AGI – “Ritornare a guardare con un occhio importante l’opera di Antonello da Messina non solo rende più fruibile la singola opera ma ne moltiplica l’importanza, l’attenzione e, quindi, la fruibilità“. Con queste parole il presidente del Senato, Ignazio La Russa, ha sottolineato il valore dell’esposizione in anteprima mondiale dell’Ecce Homo di Antonello da Messina, inaugurata nella Sala Capitolare di Palazzo della Minerva, sede della Biblioteca del Senato, alla presenza del ministro della Cultura, Alessandro Giuli.
Il dipinto, appena acquisito dallo Stato italiano, è arrivato questa mattina all’aeroporto di Fiumicino prima di essere trasferito nella sede dell’esposizione, dove resterà visibile per dieci giorni prima della destinazione definitiva al Museo Nazionale d’Abruzzo dell’Aquila.
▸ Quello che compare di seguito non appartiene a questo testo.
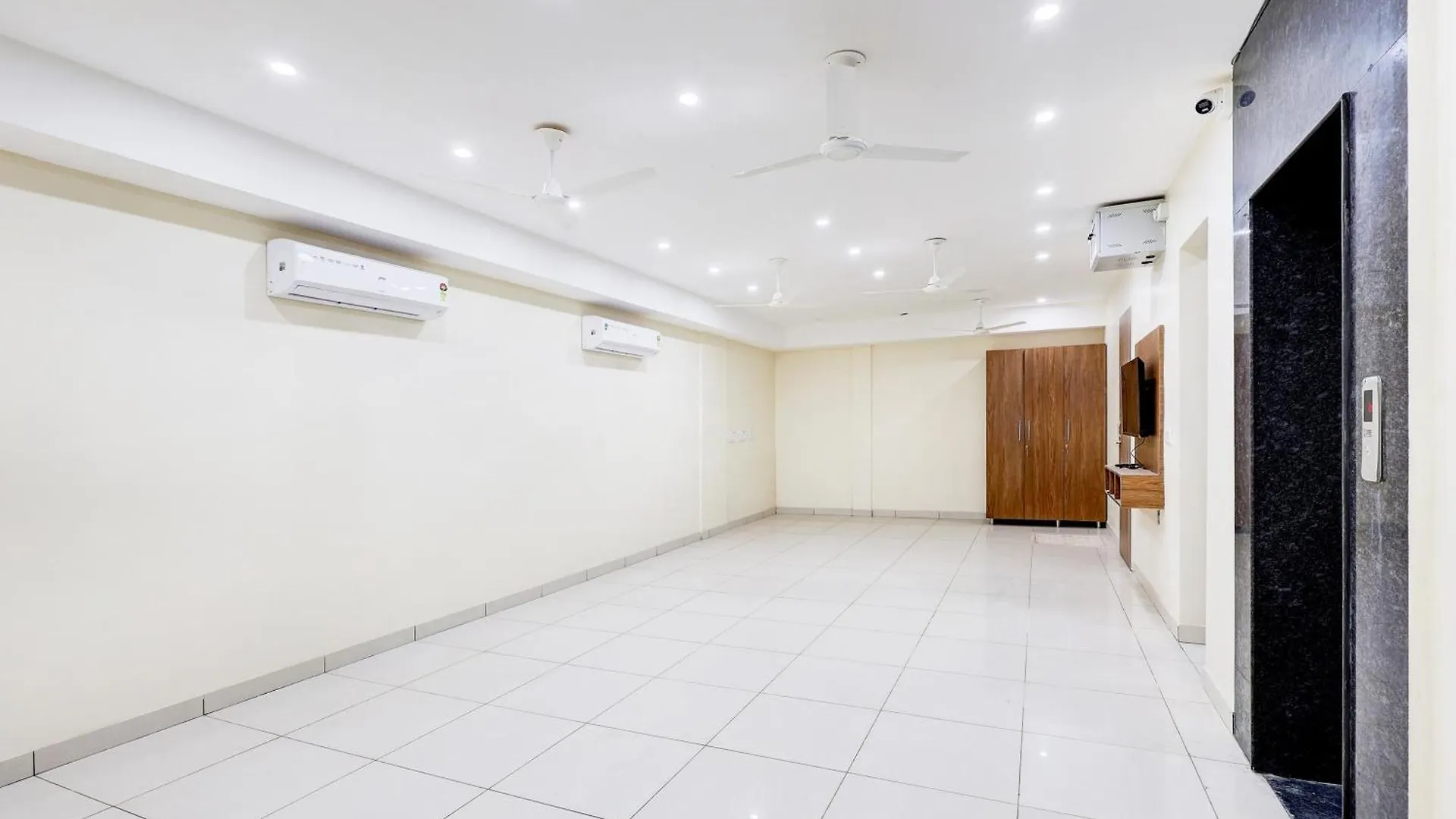***  Hotel O Eternal Residency Gurgaon Inde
“L’immagine di San Girolamo sul retro è consumata dai baci, come per i nostri santini. Questa è un’operazione non solo culturale ma anche sociale, forse anche socio-economica“, ha aggiunto La Russa. “La cultura, se ‘spesa’ bene, per cose che meritano, produce innanzitutto ricchezza dello spirito ma anche ricchezza materiale, come effetto collaterale”, ha concluso il presidente del Senato.
“Restituiamo alla disponibilità dei cittadini italiani un’opera di così grande valore“, ha commentato Giuli. “Quando abbiamo visto da Sotheby’s questo magnifico quadro abbiamo cominciato a parlare tutti molto piano”, si “è creato un clima di rispetto per qualcosa che ha una sua unicità“, ha proseguito il ministro della Cultura ricordando le fasi dell’acquisizione dell’opera presso la casa d’aste Sotheby’s di New York nel febbraio 2026.
“Un’opera che sintetizza quello che può essere il nostro programma come ministero della Cultura: vogliamo che questo quadro rappresenti un po’ il nostro modo di abitare la cultura come missione civile, ovvero far vedere che per un quadro di così grande valore – anche economico, pagato con i soldi dei contribuenti che riceveranno in cambio un patrimonio più forte dal punto di vista anche del valore culturale delle opere a disposizione – non esiste una residenza fissa. Vogliamo che le opere si mobilitino per svegliare le energie latenti di luoghi troppo spesso ignorati dal grande pubblico, allargare per quanto più possibile la capacità di accesso alla cultura e alla bellezza da parte dei nostri concittadini”.
Caratteristiche e storia dell’opera
La piccola tavola opistografa (cm 20,3 14,9 1), databile intorno al 1465, presenta sul recto la prima interpretazione antonelliana dell’Ecce Homo e sul verso un San Girolamo penitente in un paesaggio di gusto nordeuropeo. Si tratta dell’unico esemplare di questa iconografia rimasto fino a oggi in mani private. Riscoperta da Federico Zeri nel 1981, l’opera era appartenuta alla collezione Wildenstein di New York ed era probabilmente conservata in Spagna agli inizi del Novecento.
Orari e date dell’esposizione
L’esposizione sarà aperta al pubblico dal lunedì al venerdì, dalle 10 alle 20, fino al 7 aprile, con aperture straordinarie già previste per sabato 28 e domenica 29 marzo e per il 4, 5 e 6 aprile (10-18).